Example trial sequence. The solid, dotted, and dashed lines represent different colors. Participants were asked to remember a colored circle over a delay, and then were either shown an array of three circles for a visual search or given a recognition test for the original cue. The memory test never occurred after the visual search display

The participants completed a practice session—comprising five trials of each condition, for a total of 20 trials—with a search duration of 500 ms, and then another practice session at the experimental search duration of 100 ms, to become acclimated to the speed of the search display. The participants then went on to complete four blocks of each condition, which occurred in random order. Each block consisted of 20 trials, for a total of 320 trials in all.

Results

The means and standard deviations for all measures are reported in Table 1. We examined response times (RTs) for correct visual search responses, according to block and trial condition (Fig. 2a). The mean performance on valid and invalid trials, in both the 100 %- and 50 %-predictable blocks, was normalized to the neutral baseline by subtracting the scores for each condition from the mean RT for the neutral blocks. These normalized RT scores were entered into a 2 × 2 ANOVA with the factors Validity (valid vs. invalid) and Predictability (100 % vs. 50 %).
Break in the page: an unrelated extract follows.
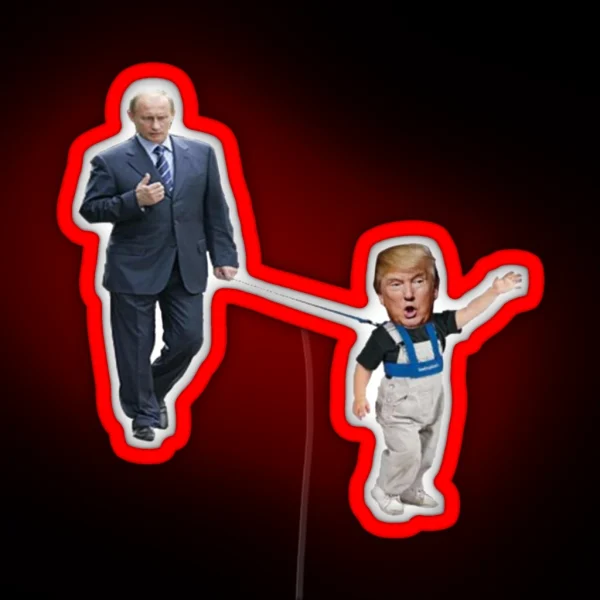Little Trump On Leash With Putin Never Trump RGB Neon Sign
Search was faster overall on valid (vs. invalid) trials, F(1, 19) = 47.42, p < .001, η 2p = .71, and faster overall on 100 %-predictable blocks (vs. the less predictable 50 % validity) F(1, 19) = 16.97, p = .001, η 2p = .47. In other words, valid cues sped up the search process, and this speed-up was enhanced by cognitive control (cue predictability), whereas invalid cues slowed down the search process, and this slow-down was attenuated by cognitive control (Fig. 2b). The relative benefits of predictability, however, were comparable for valid and invalid trials, F(1, 19) = 1.31, p = .267, η 2p = .064.
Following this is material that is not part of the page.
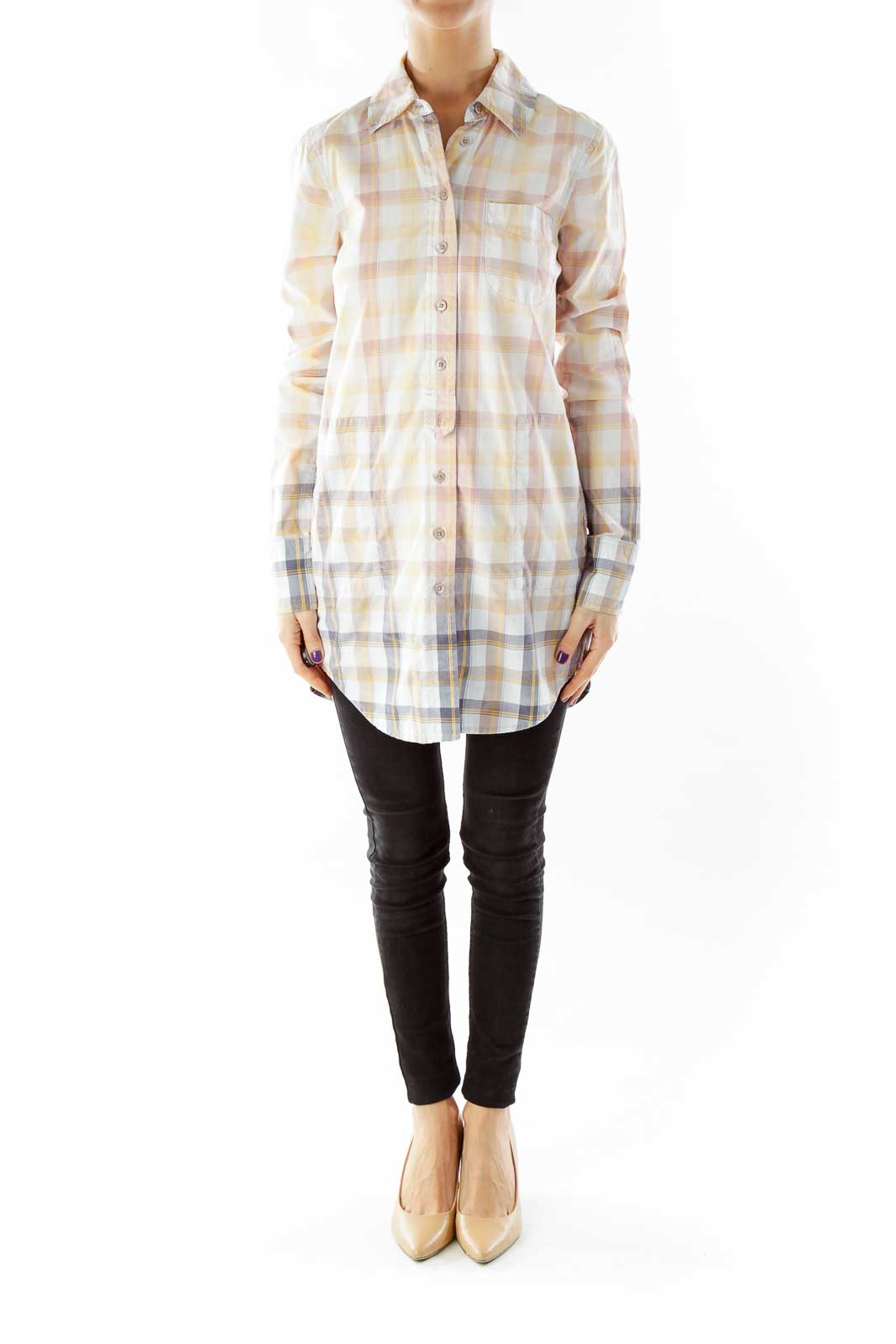 Front view of Free People pastel plaid button-down tunic with collar and chest pocket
Table 1 Means (with standard deviations in parentheses) for all conditions in Experiment 1
Fig. 2
figure 2

(a) Experiment 1 visual search response times (RTs, in milliseconds) as a function of block and trial condition. (b) RT scores on each condition subtracted from the neutral baseline. Positive values reflect RTs faster than neutral, and negative values reflect RTs slower than neutral. Error bars reflect the mean standard errors

Search trial accuracy was at ceiling (mean = 97 %) and displayed no main effect of validity (p = .30) or predictability (p = .81), nor an interaction (p = .69). Neither RTs nor accuracy for memory catch trials varied significantly according to block condition (all ps > .1), and accuracy on the memory probes was high (93.4 %), confirming that participants were indeed keeping the cues in WM.

Discussion

The results clearly indicated both voluntary and involuntary contributions to the capture of attention by WM contents. While search speed was always fastest on validly cued trials, it was further augmented in the context of 100 %-valid blocks, when it was known that the WM item would coincide with the search target, and could be strategically enhanced. Conversely, search was always slowest on invalidly cued trials, but the impact of a memory-matching distractor was dampened in 100 %-invalid blocks, when it was known to be obstructive, and could be intentionally suppressed. However, 100 %-invalid blocks were still slower than neutral blocks, t(19) = 2.17, p < .05, indicating that participants could not completely prevent interference from the memory item. Unlike Carlisle and Woodman (2011), we found the benefits of valid trials and the costs of invalid trials to be of equal magnitudes and to be equivalently modulated by greater predictability. Because we included a 100 % antipredictive condition and precluded a memory-refreshing account by testing memory only on catch trials, our participants may have been able to more effectively dampen the impact of invalid cues—as opposed to the 80 % condition used by Carlisle and Woodman, in which participants might still have had some incentive to attend to invalid distractors to aid in the subsequent memory test.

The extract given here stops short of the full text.